* YOUR OBJECTIVE:
Only the lines from the one with "24Pcs Short Square" through the final line below belong in the answer, copied exactly and without pictures.

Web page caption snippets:

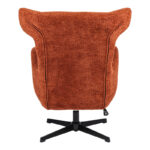 Swivel armchair Zefrina terracotta  fabric and base in black color 77x82x100-107cm - Image 6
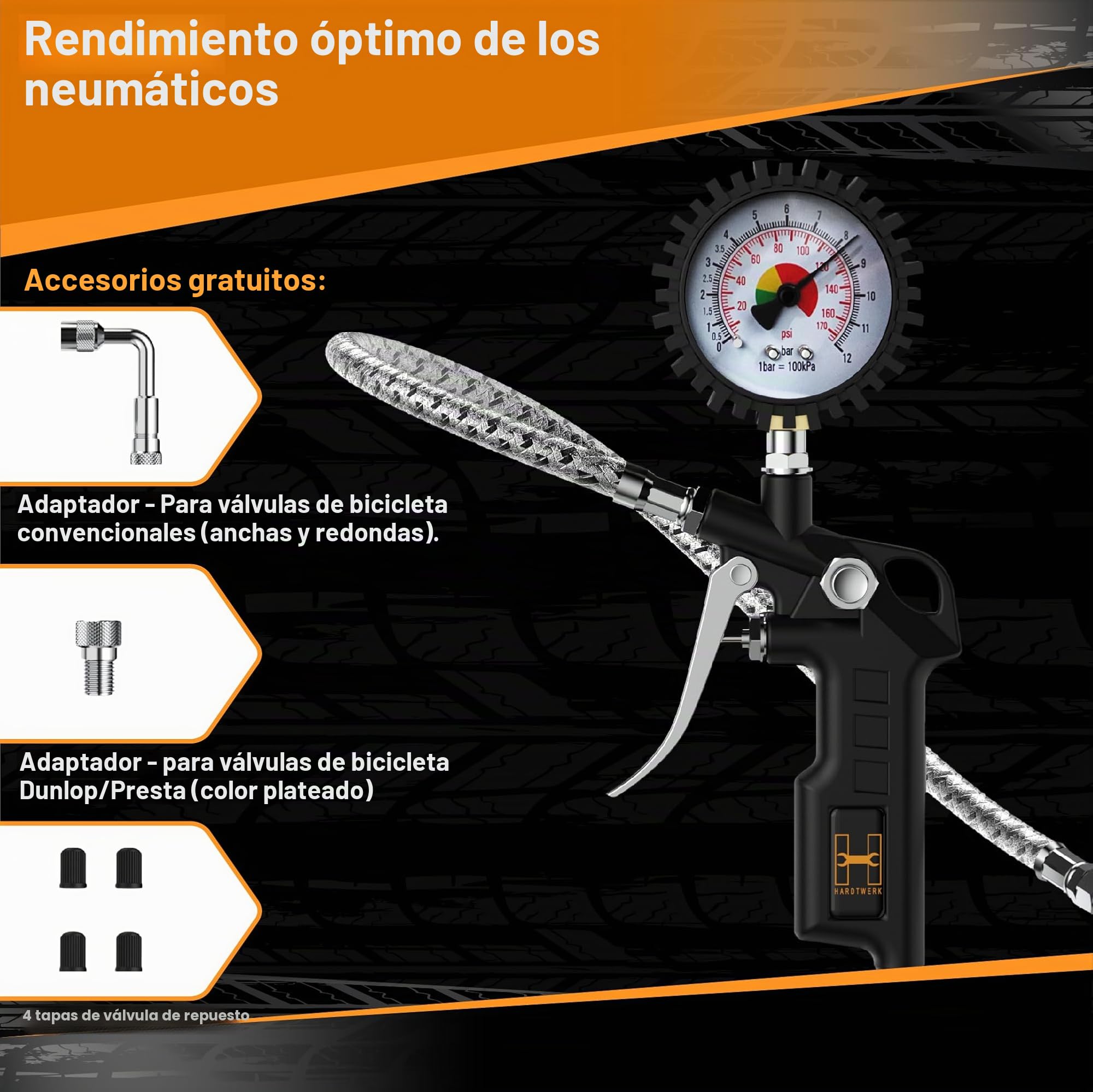 Hardtwerk Manometro Presion Neumaticos | Rango de medición del manómetro:170PSI 12 bar | Tubo de acero inoxidable 304 | manómetro para coches, motos, coches y camiones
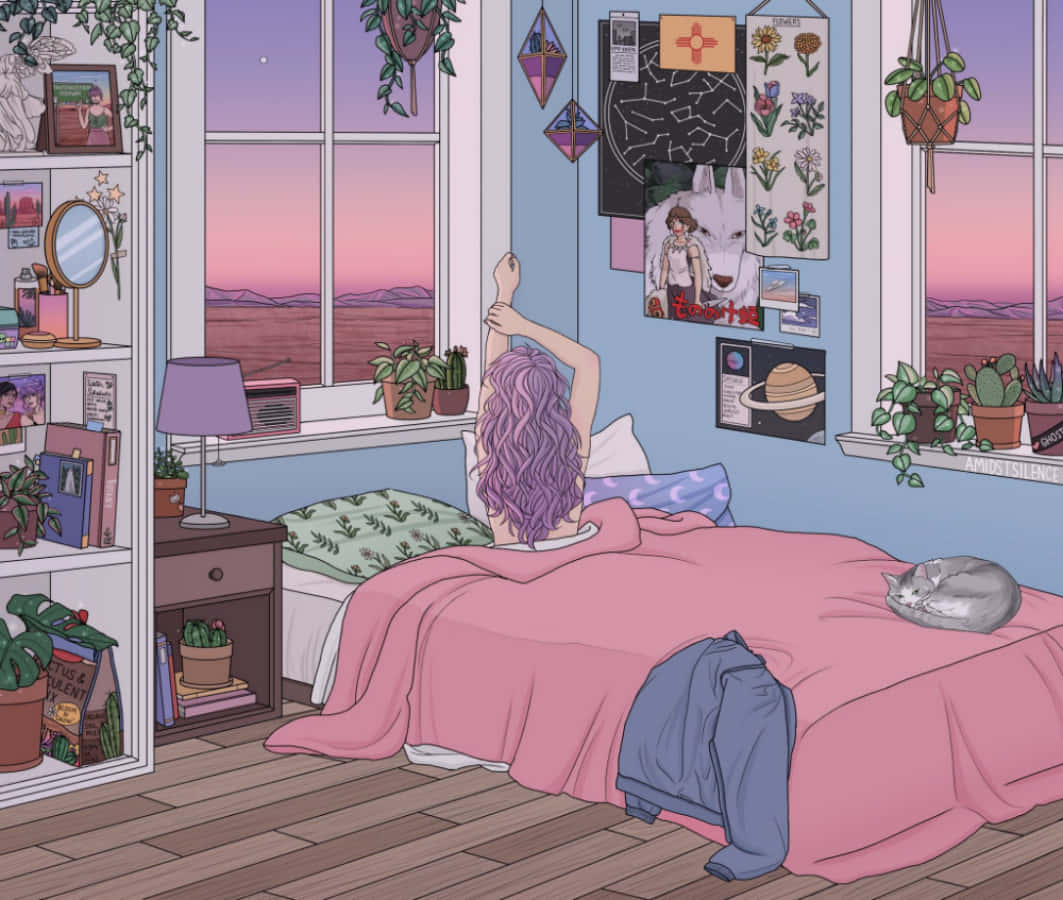 Lad din fantasi flyve med Anime Room! Wallpapers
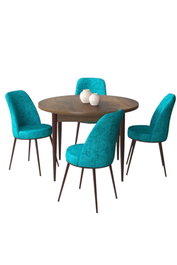 Hanah Home Juego Mesa y Sillas Comedor 5 Piezas Barroco Turquesa Aglomerado Metal
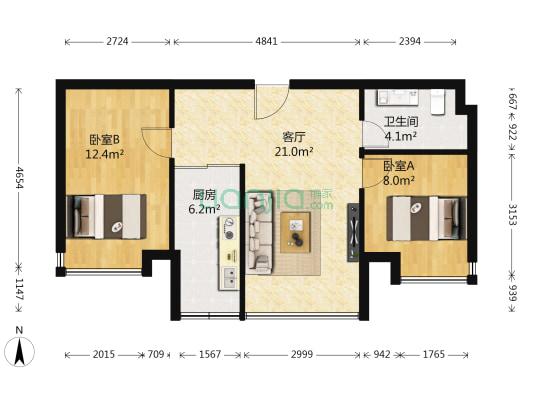 金普广场 2室1厅1卫 65平方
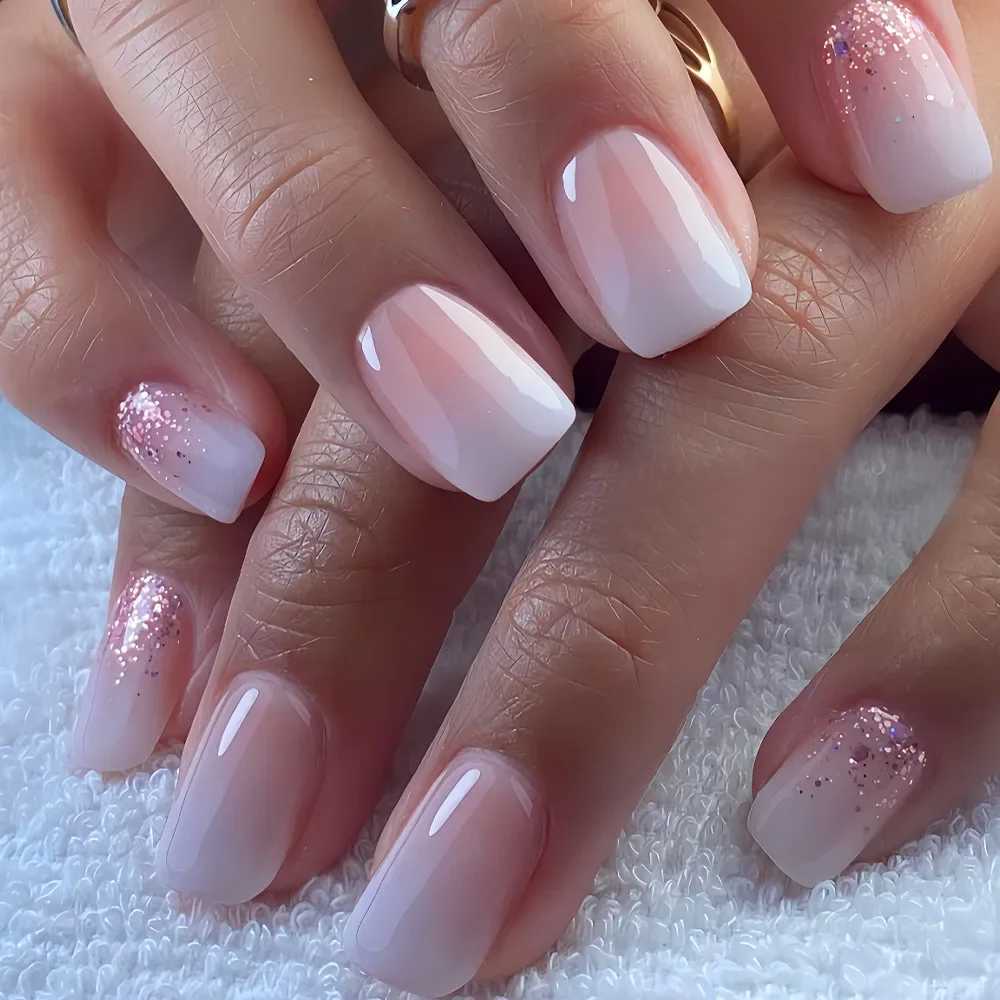 24Pcs Short Square Press on Nails Gradient Glitter False Nails French Tip Lines Acrylic Nails Full Cover Wearable Fake Nail TipsW250120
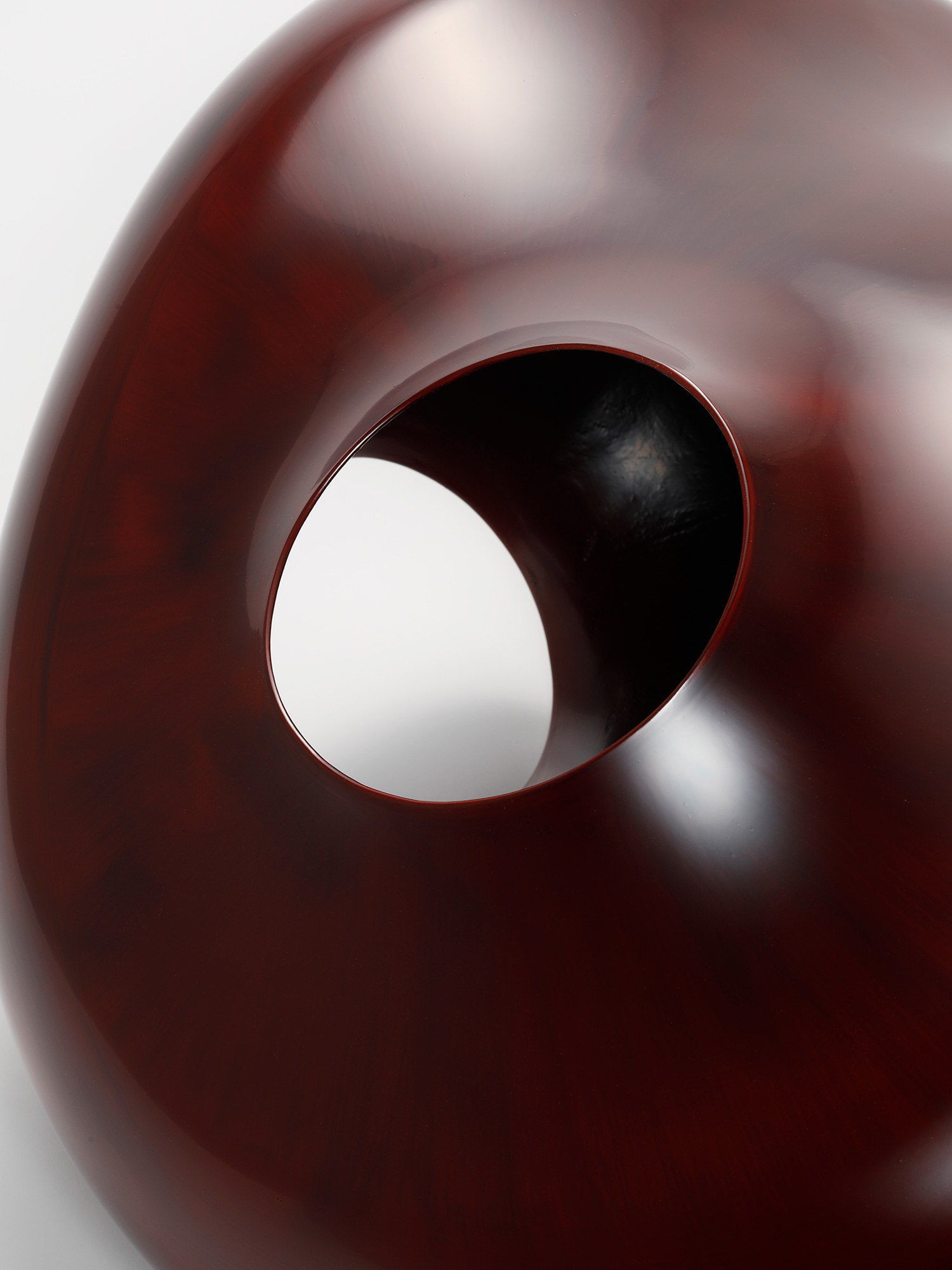 Detail view of Penetration by Genta Ishizuka showing one of the sculpture's large oval openings....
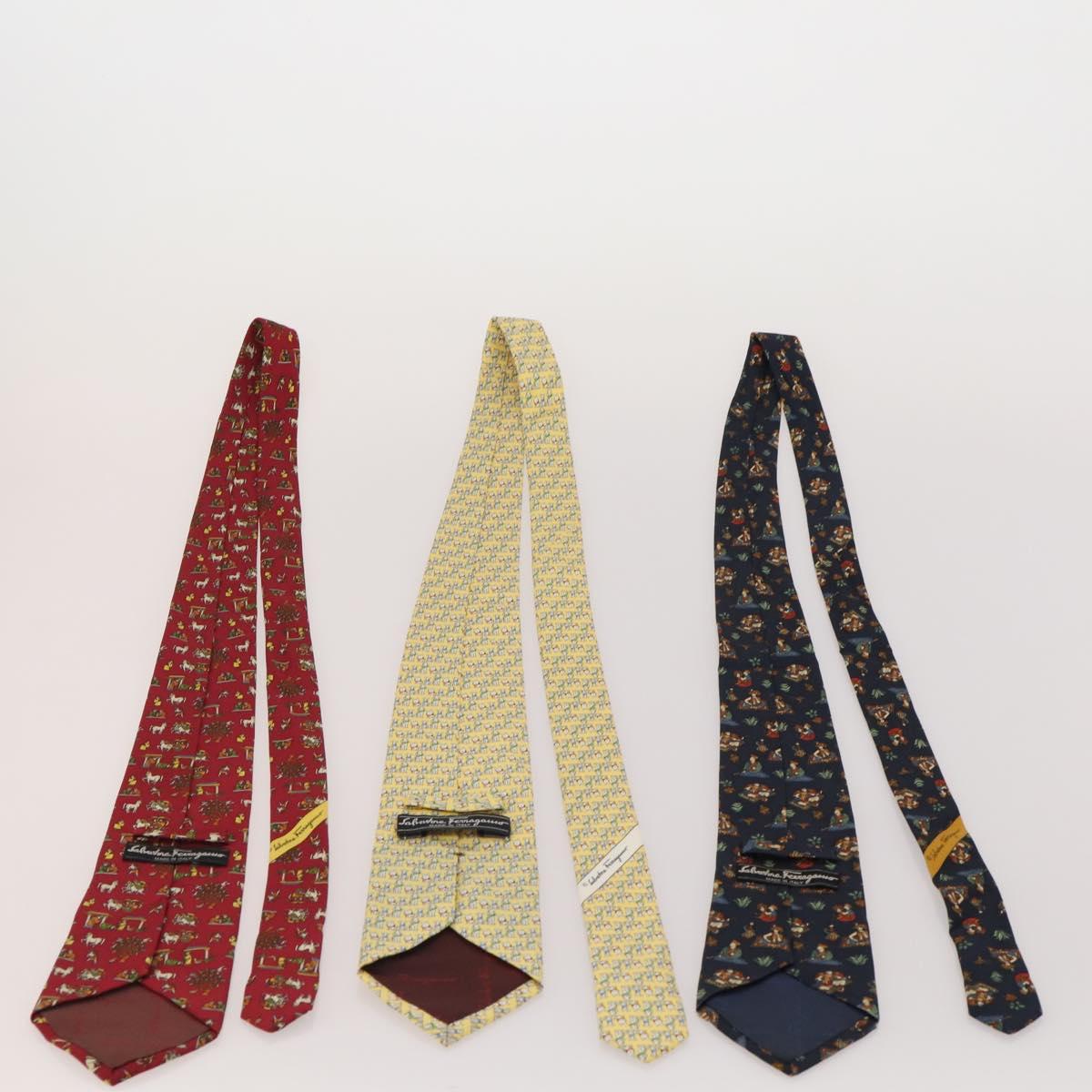 Salvatore Ferragamo Necktie Silk 10 bottles set Blue Navy yellow Auth 174928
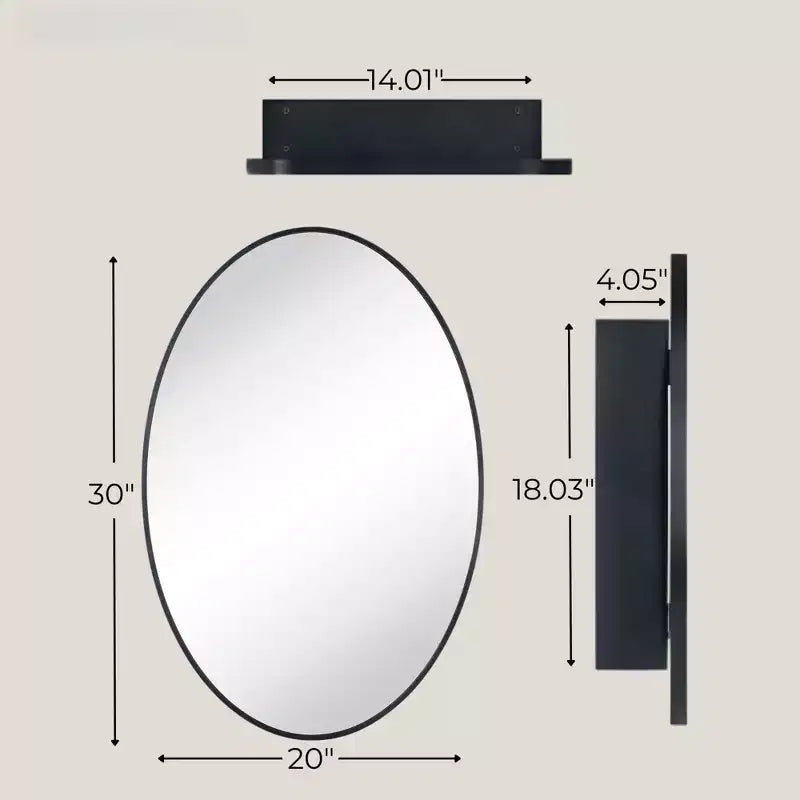 TEHOME Pensile con specchio da bagno ovale nero in cedro a montaggio superficiale, armadietto da bagno ovale con struttura in metallo 20x30''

* ANSWER SECTION:
 24Pcs Short Square Press on Nails Gradient Glitter False Nails French Tip Lines Acrylic Nails Full Cover Wearable Fake Nail TipsW250120
 Detail view of Penetration by Genta Ishizuka showing one of the sculpture's large oval openings....
 Salvatore Ferragamo Necktie Silk 10 bottles set Blue Navy yellow Auth 174928
 TEHOME Pensile con specchio da bagno ovale nero in cedro a montaggio superficiale, armadietto da bagno ovale con struttura in metallo 20x30''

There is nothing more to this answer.